# The cat on the mat



## jambo (Apr 3, 2008)

This was a mail I received

The Doctrine of Feline Sedentation

How should Christians deal with 'The cat sat on the mat' if it appeared in the Bible?


The LIBERAL THEOLOGIANS would point out that such a passage did not of course mean that the cat sat literally on the mat. Also 'cat' and 'mat' had different meanings in those days from today, and anyway, the text should be interpreted according to the customs and practices of the period.


This would lead to an immediate backlash from the EVANGELICALS. They would make it an essential condition of faith that a real, living cat, being a domestic pet of the Felix Domesticus species, and having a whiskered head and furry body, four legs and a tail, did physically place its whole body on a floor covering, designed for that purpose, and which is on the floor, but not of the floor. The expression 'on the floor', but 'not of the floor' would be explained in a leaflet.

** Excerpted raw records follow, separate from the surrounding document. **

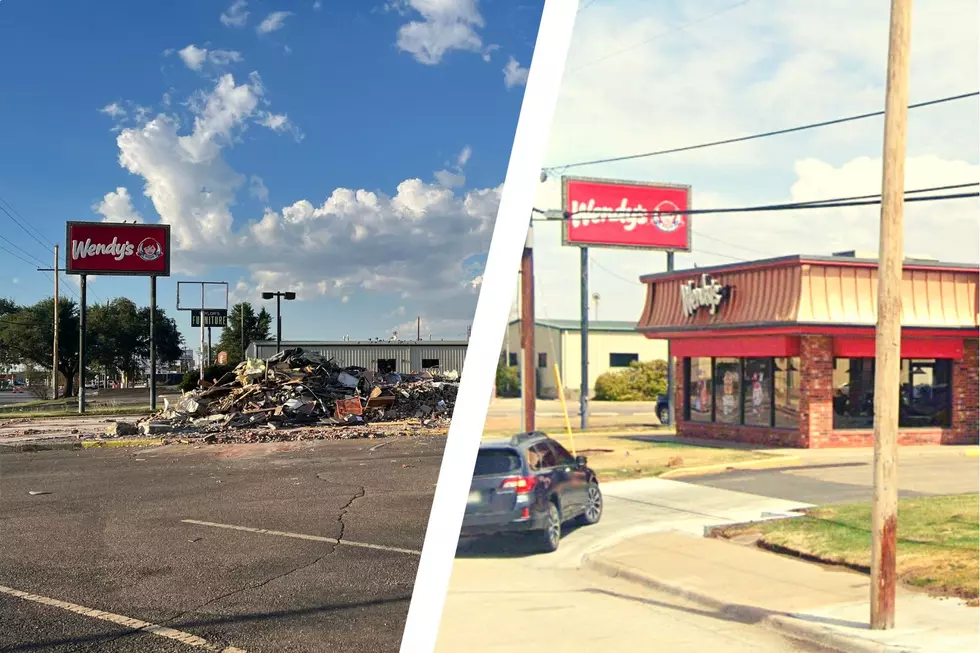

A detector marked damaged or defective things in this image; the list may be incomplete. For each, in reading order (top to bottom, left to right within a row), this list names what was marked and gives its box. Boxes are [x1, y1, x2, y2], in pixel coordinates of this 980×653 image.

cracked pavement [0, 436, 444, 648] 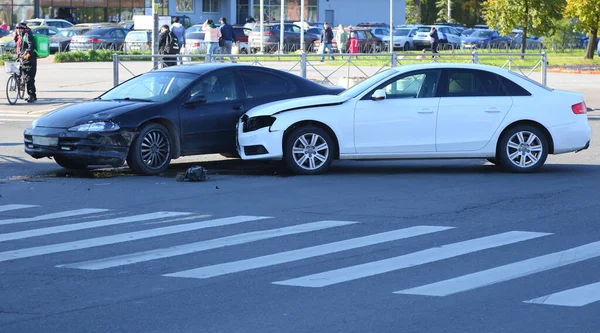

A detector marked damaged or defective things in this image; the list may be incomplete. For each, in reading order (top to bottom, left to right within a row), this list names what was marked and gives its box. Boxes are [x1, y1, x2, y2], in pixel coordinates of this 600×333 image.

crumpled hood [34, 99, 154, 127]
crumpled hood [244, 94, 350, 117]
front bumper damage [24, 126, 137, 166] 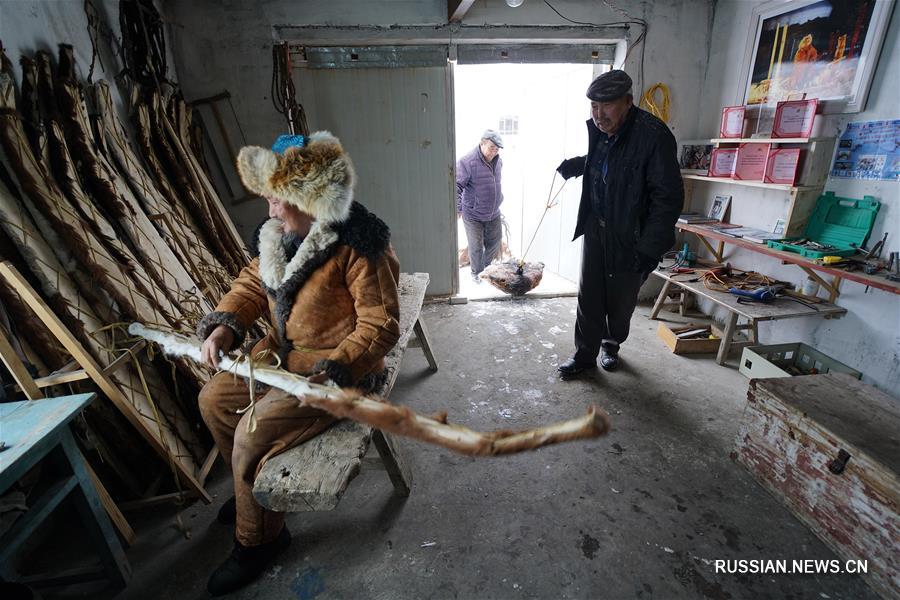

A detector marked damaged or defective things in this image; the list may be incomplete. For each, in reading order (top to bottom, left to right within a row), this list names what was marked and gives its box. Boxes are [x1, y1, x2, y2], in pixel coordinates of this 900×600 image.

paint-chipped wooden box [736, 372, 896, 596]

Meanwhile, the CATHOLICS would have developed the Festival of the Sedentation of the Blessed Cat. This would teach that the cat was white and majestically reclined on a mat of gold thread before its assumption to the Great Cat Basket of Heaven. This is commemorated by the singing of the Magnificat, lighting three candles, and ringing a bell five times. This would cause a schism with the Orthodox Church which believes that tradition requires Holy Cats Day (as it is colloquially known), to be marked by six candles and ringing the bell four times. This would partly be resolved by the Cuckoo Land Declaration, recognising the traditional validity of each.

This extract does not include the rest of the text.